The seven ages of globalization
Sachs defines globalization as “the interlinkages of diverse societies across large geographical areas. These interlinkages are technological, economic, institutional, cultural and geopolitical. They include interactions of societies across the world through trade, finance, enterprise, migration, culture, empire, and war”
Sachs believes that “humanity has always been globalized”. In fact, globalization has only “changed its character” throughout seven distinct ages:
- The Paleolithic age when humans were still foragers
- The Neolithic age when farming first began
- The Equestrian age when the horse and development of proto-writing enabled long distance trade and communications
- The Classical age when large empires first emerged
- The Ocean age when large empires first expanded across the oceans and beyond the accustomed ecological zones of the homeland
- The Industrial age when a few societies led by Great Britain ushered in the industrial economy
- The Digital age when the entire world is instantaneously interconnected by digital data
The author notes that changes “have come at a rising rate with the largest changes occurring in the very recent past”. Three examples cited in the book illustrate this exponential pattern: World population, urbanization rate and global output.
The interplay of Geography, Technology and Institutions
To understand the historical evolution of globalization, the author frequently relies on the geography, technology and institutions framework.

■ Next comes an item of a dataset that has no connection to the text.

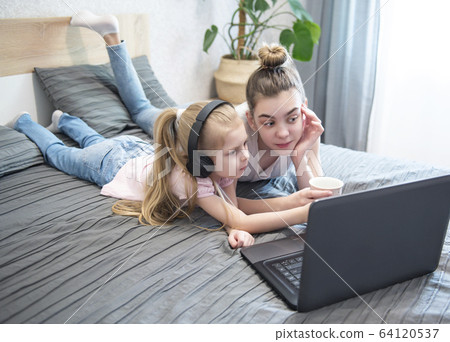 Schoolgirls  studing at home 64120537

James Watt’s steam engine, one global innovation cited in the book, is an illustration of the dynamic interaction of geography, Technology and Institutions that made possible the development of such an invention in Britain.
- Geography : Availability of coal in England that could be mined and transported at low cost
- Institutions : Britain offered legal protection for ideas and a global market to sell the product
- Technology : James Watt leveraged and improved existing steam machine innovations (albeit imperfect) in Britain
Globalization going forward
The current digital age has three enormous challenges: Rising inequalities, massive environmental degradation and risks arising from major geopolitical changes.
According to J. Sachs, one major takeaway from globalization’s history is that major technological changes create new inequalities of power, which in turn leads to wars.
The author argues that humanity cannot afford a global war and proposes several orientations to manage globalization and to avoid devastating conflicts, including:
- Sustainable development : A holistic approach to governance that combines economic, social and environmental objectives
- Social democracy: An inclusive and participatory approach to political and economic life.
- Subsidiarity and the public sphere: Setting the right boundaries between public goods and private goods. Solving problems related to public goods at the proper governance level (local, national, regional and global)
- A reformed United Nations because the existing institution that does not fit anymore with the realities of the new multipolar world.